Problem statement: Find the line with "used 2014 Toyota" in the records below. Output exactly from there until after the line with "Double-faced satin ribbon with bronze print.", without pictures.
#### Stored data
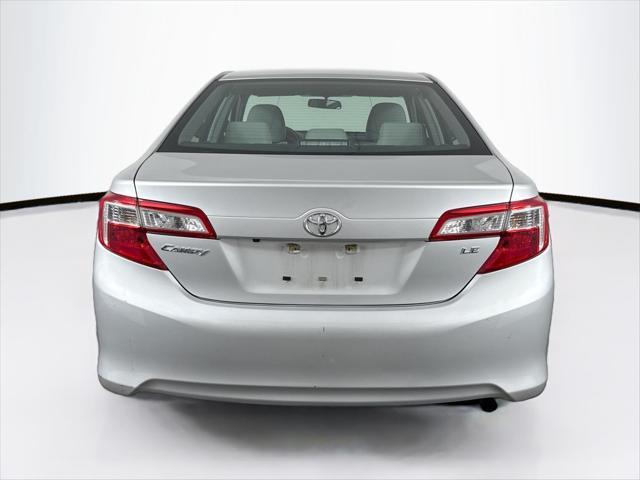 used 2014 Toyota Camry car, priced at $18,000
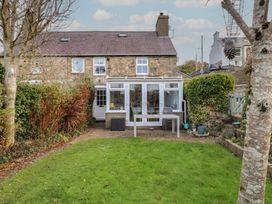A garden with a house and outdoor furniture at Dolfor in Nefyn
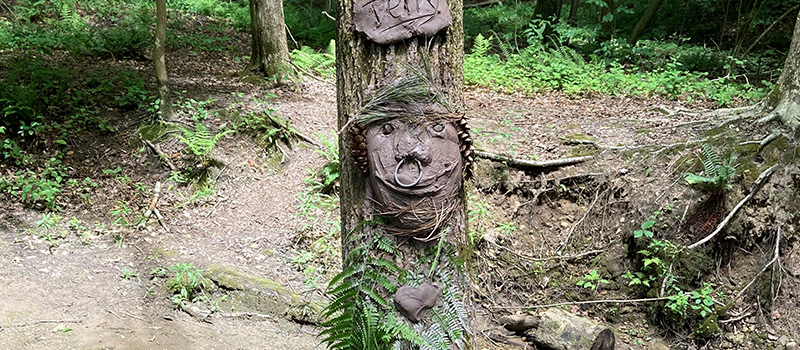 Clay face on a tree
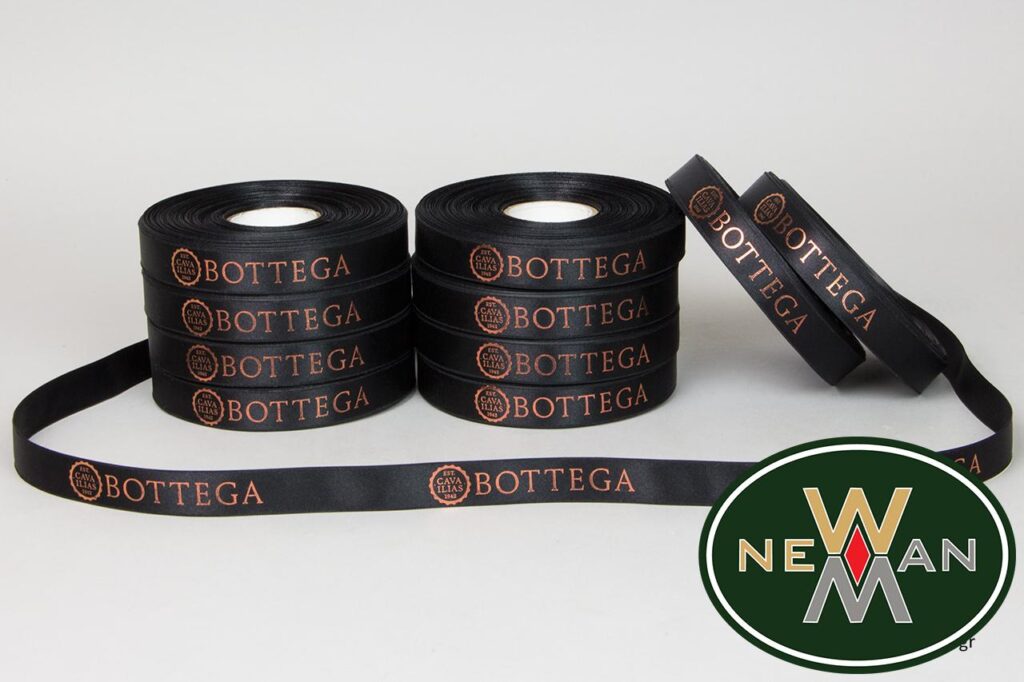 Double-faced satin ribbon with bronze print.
########
#### Stored data
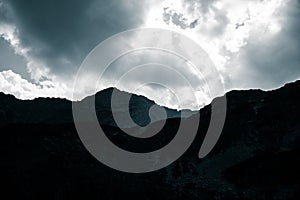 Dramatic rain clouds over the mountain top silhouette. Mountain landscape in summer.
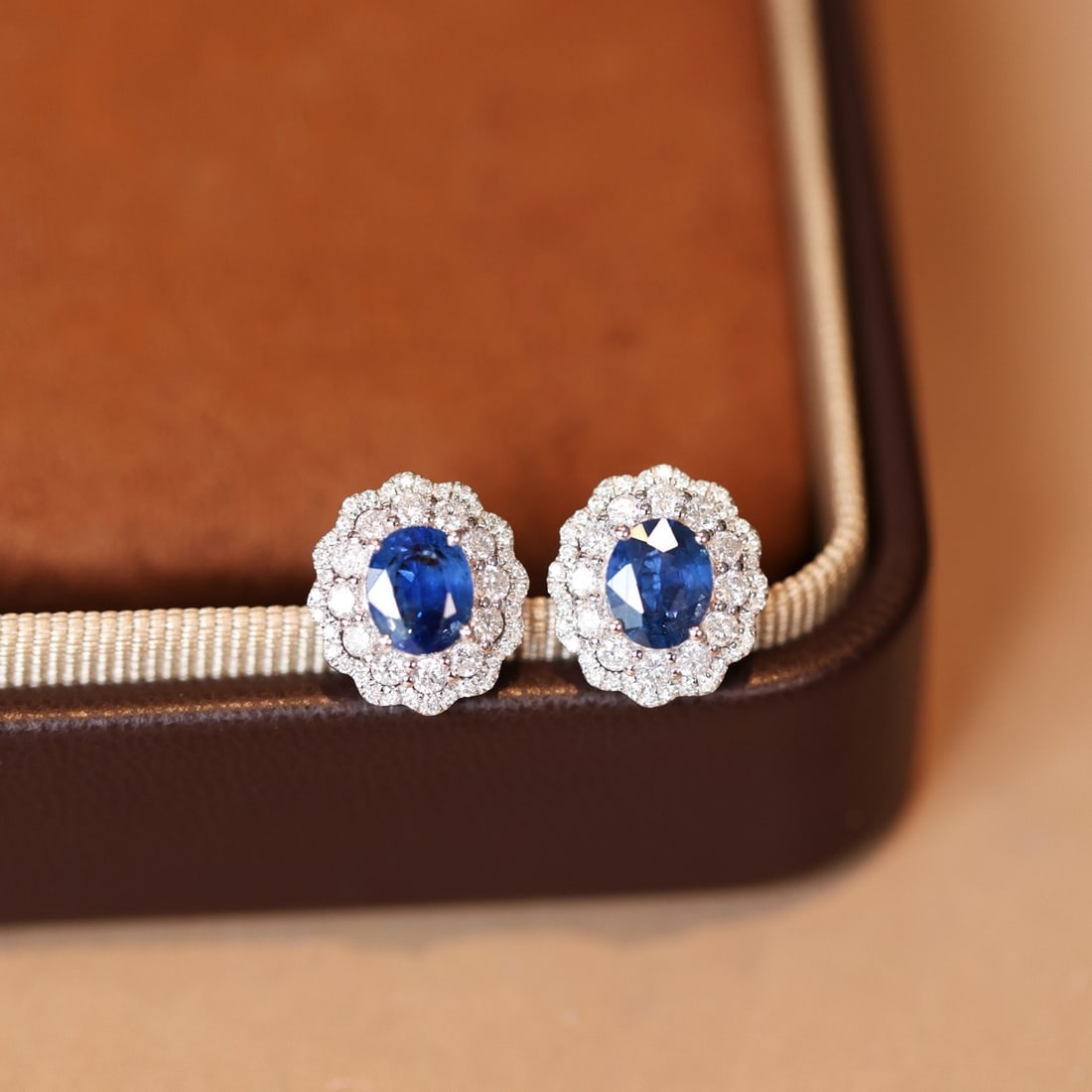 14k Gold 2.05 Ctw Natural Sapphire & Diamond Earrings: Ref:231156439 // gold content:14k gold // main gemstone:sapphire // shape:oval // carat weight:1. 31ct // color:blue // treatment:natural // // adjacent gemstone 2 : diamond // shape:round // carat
########
Solution for this exercise:
 used 2014 Toyota Camry car, priced at $18,000
A garden with a house and outdoor furniture at Dolfor in Nefyn
 Clay face on a tree
 Double-faced satin ribbon with bronze print.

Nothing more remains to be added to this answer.